» **WHAT YOU WILL DO**
Below are records; quote them exactly from the first line through the line that contains "HLA Hydraulic Concrete".

» **DATA IN THIS EXERCISE**
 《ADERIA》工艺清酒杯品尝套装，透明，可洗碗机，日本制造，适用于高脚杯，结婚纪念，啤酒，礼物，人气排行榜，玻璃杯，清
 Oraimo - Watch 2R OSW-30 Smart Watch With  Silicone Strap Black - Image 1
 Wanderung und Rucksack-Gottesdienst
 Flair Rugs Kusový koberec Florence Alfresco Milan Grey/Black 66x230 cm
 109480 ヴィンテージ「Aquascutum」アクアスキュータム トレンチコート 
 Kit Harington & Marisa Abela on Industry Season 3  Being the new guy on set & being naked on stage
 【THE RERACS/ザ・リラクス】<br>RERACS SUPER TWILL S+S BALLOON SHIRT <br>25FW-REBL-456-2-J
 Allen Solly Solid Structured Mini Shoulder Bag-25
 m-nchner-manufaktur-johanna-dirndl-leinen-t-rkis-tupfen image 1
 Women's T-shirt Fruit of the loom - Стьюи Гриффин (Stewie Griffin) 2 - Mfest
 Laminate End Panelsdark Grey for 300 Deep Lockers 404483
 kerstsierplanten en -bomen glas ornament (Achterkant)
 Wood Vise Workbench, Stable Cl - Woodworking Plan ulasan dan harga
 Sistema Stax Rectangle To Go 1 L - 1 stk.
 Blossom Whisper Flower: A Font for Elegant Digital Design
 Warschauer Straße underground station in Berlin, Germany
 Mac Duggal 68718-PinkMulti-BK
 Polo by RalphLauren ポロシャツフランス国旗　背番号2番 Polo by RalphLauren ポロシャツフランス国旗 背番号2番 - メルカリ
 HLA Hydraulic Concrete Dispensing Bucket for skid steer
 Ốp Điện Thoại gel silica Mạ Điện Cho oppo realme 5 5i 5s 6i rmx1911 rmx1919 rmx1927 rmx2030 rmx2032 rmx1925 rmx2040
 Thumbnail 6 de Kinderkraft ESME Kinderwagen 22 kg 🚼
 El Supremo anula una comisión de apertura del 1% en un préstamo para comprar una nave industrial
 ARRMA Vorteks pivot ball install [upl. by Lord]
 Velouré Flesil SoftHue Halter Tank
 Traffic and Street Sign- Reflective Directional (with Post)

» **SOLUTION**
 《ADERIA》工艺清酒杯品尝套装，透明，可洗碗机，日本制造，适用于高脚杯，结婚纪念，啤酒，礼物，人气排行榜，玻璃杯，清
 Oraimo - Watch 2R OSW-30 Smart Watch With  Silicone Strap Black - Image 1
 Wanderung und Rucksack-Gottesdienst
 Flair Rugs Kusový koberec Florence Alfresco Milan Grey/Black 66x230 cm
 109480 ヴィンテージ「Aquascutum」アクアスキュータム トレンチコート 
 Kit Harington & Marisa Abela on Industry Season 3  Being the new guy on set & being naked on stage
 【THE RERACS/ザ・リラクス】<br>RERACS SUPER TWILL S+S BALLOON SHIRT <br>25FW-REBL-456-2-J
 Allen Solly Solid Structured Mini Shoulder Bag-25
 m-nchner-manufaktur-johanna-dirndl-leinen-t-rkis-tupfen image 1
 Women's T-shirt Fruit of the loom - Стьюи Гриффин (Stewie Griffin) 2 - Mfest
 Laminate End Panelsdark Grey for 300 Deep Lockers 404483
 kerstsierplanten en -bomen glas ornament (Achterkant)
 Wood Vise Workbench, Stable Cl - Woodworking Plan ulasan dan harga
 Sistema Stax Rectangle To Go 1 L - 1 stk.
 Blossom Whisper Flower: A Font for Elegant Digital Design
 Warschauer Straße underground station in Berlin, Germany
 Mac Duggal 68718-PinkMulti-BK
 Polo by RalphLauren ポロシャツフランス国旗　背番号2番 Polo by RalphLauren ポロシャツフランス国旗 背番号2番 - メルカリ
 HLA Hydraulic Concrete Dispensing Bucket for skid steer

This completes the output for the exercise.